A recent example that came to the attention of the Court of Appeal is Re M (Children) [2016] EWCA Civ 61. The following words of Lady Justice King at para 5 could, unfortunately, apply to a significant number of cases:

“Sadly for all parties, this case is a paradigm example of where the laudable desire on the part of the local authority to find an adoptive placement for profoundly disturbed and damaged children appears to have led to those children being placed with a couple who, with the benefit of hindsight, it might be thought were unlikely ever to have been able to cope with their […] disturbed and challenging behaviour.”

The Court of Appeal in Re M allowed the parents’ appeal against a care order in respect of one of the two children they had adopted. This was because the judge at first instance had failed to make (sufficiently clear) findings on a number of crucial issues, including the level of support the parents had been given.

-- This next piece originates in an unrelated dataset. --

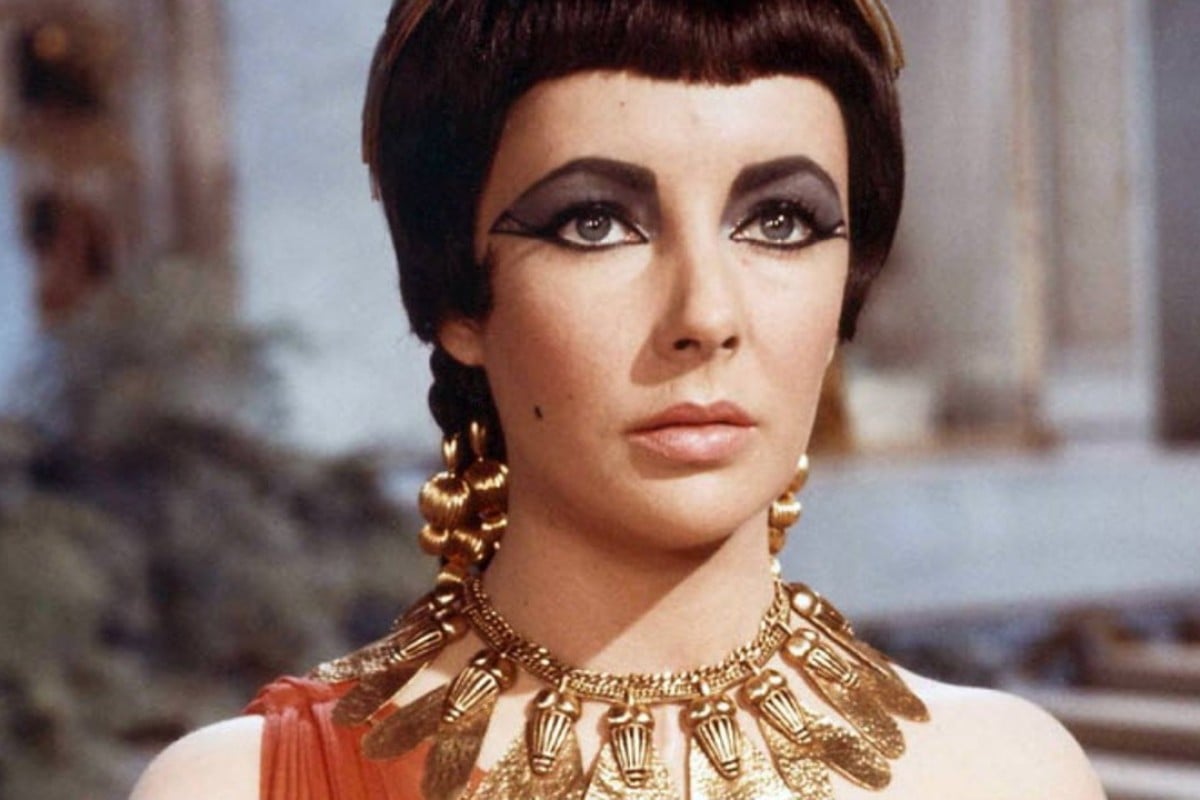 Elizabeth Taylor pictured in a scene from one of her most famous films, ‘Cleopatra’.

Lady Justice King made two important points that, if observed, would go a long way towards helping more adoptive families live happily ever after:

“There is a desperate need for men and women willing to offer adoptive homes to children who have been physically and emotionally damaged by the care they have been given as babies and young children. These altruistic people are owed in exchange, high quality assessment and matching as between the children and them as future parents.” (para 41)

One can only hope that, even in these straightened times in which we live, local authorities appreciate that failure to find the funds necessary to support those who adopt disadvantaged children is all too often a false economy, and ultimately it is the children who pay the price when an adoptive placement breaks down. (para 42)

In other words: Be realistic and careful in matching children and prospective adopters and make sure adoptive placements are properly supported. Sounds deceptively simple…

Bonus point on agreed thresholds

At para 26, the Court of Appeal made another important point of wider application in care proceedings: even where there is an agreed threshold document, certain aspects of the agreed findings may, from time to time, require further exploration. In this case, the parents seemed to move away from their concessions in oral evidence during the hearing and there was a “significant gulf” between the parties as to how the threshold was to be interpreted.